Pirates outfielder Marte staying aggressive offensively this season
FORT MYERS, Fla. — Pirates left fielder Starling Marte was asked this week whether he is faster than fellow outfielder Andrew McCutchen and future teammate Gregory Polanco, a trio that has a chance to be among the speediest, most athletic outfields in the game.
“You know how fast I am,” a confident Marte said.
Maybe Marte is right. Maybe such an exercise is pointless. Anyone who has watched him perform knows the 25-year-old is a blur in left field and on the bases.
But while Marte stole a team-best 41 bases last season despite missing three weeks with a sprained wrist, he also was caught stealing a National League-high 15 times. Despite top-of-the-line speed, Marte's instincts on the bases could improve, and Marte believes they will. Entering his second full season, he has his eyes on a greater stolen base total.
“I want to be more aggressive this year,” Marte said. “That's me. That's my game.”
He is confident he will steal more bases in 2014 because he has more experience. Marte said improved instincts will give him a quicker and more efficient first step.
“Sometimes we get bad jumps. Sometimes (it's) knowing the pitchers. … Sometimes it's the count,” he said. “That's where experience comes in.”
Of course, to steal second base, Marte has to reach first base, and it's how he often reaches first base that has the Pirates concerned.

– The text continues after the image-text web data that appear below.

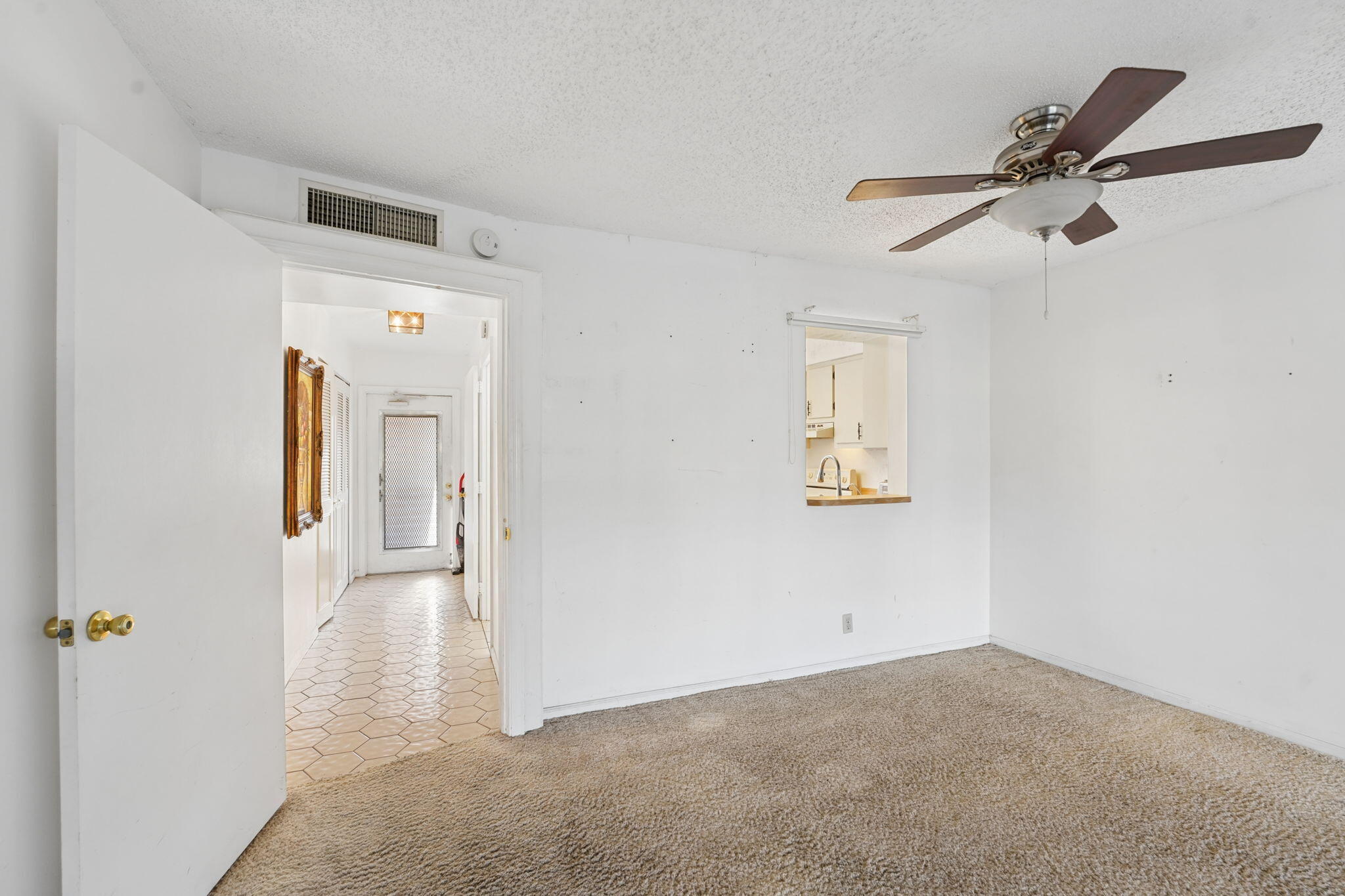 PALM LAKES CONDO - Residential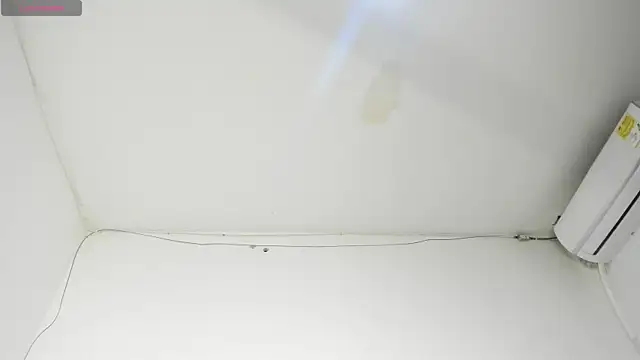 katitahotcam ass online show from 10.21.25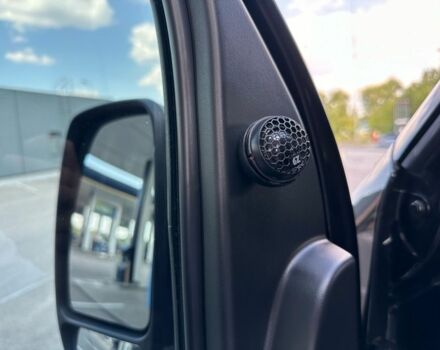 Рено Другая, объемом двигателя 4.25 л и пробегом 0 тыс. км за 27000 $, фото 21 на Automoto.ua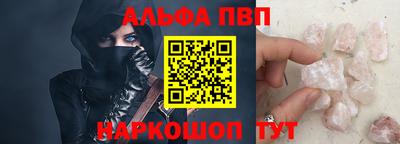мдпв Кингисепп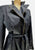 Vintage Clothing - Cats N Dogs Raincoat - STYLIST COLLECTION - Painted Bird Vintage Boutique & The Aviary - Coats & Jackets
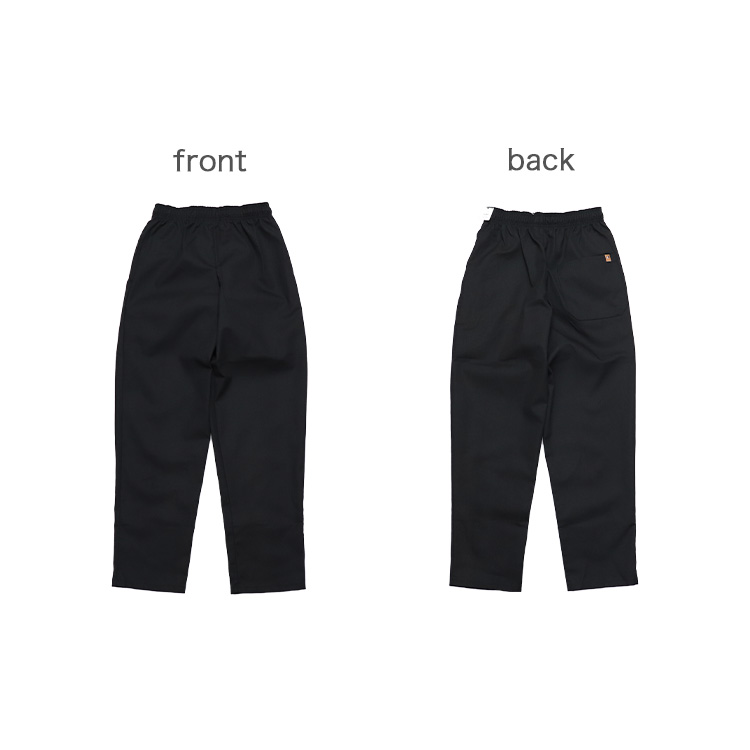 RED KAP　シェフパンツ RED KAP レッドキャップ REDKAP 5360 バギーシェフパンツ
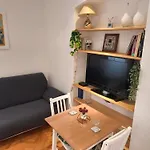 Old Town Studio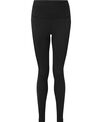 Kids TriDri® recycled performance leggings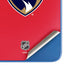 NHL Florida Panthers Logo Moto G Play 4G (2024) Skin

Marte's .342 on-base percentage last season was inflated by being hit by 24 pitches. He already has been hit by a team-high three pitches this spring.
The Pirates understand the hit by pitches lift the free-swinging Marte's on-base percentage, important for a leadoff hitter. But they also want him to better protect himself at the plate. The Pirates staff has worked with him on better avoiding pitches, or at least moving his hands and wrists out of danger's way.
“I do think it comes with experience,” Pirates manager Clint Hurdle said. “There is an art on getting hit by pitches. I coached for one guy that was the best in Don Baylor. That was part of the deal. There were at-bats where if it got tight, he just took it and went on down to first.
“(Hitting coach Jeff) Branson has had some conversations with how to protect himself better, to turn away from pitches and not to turn into pitches. I think there has been a little bit of an adjustment in the box. It can be a skill for some guys. Some guys never learn to do. I think there are some guys that (get hit) frequently enough they find a better approach in how to deal with it, to stay healthier and minimize injury, to properly take it off a larger muscle rather than bones and hinges.”
Marte said he consciously is trying to keep his hands and wrists out of harm's way. Marte does not believe pitchers are intentionally hitting him.
“They don't want me to be on the bases,” he said. “They know I can steal second base.”
Marte also knows he can't steal second base, can't use his elite speed, if he's on the disabled list.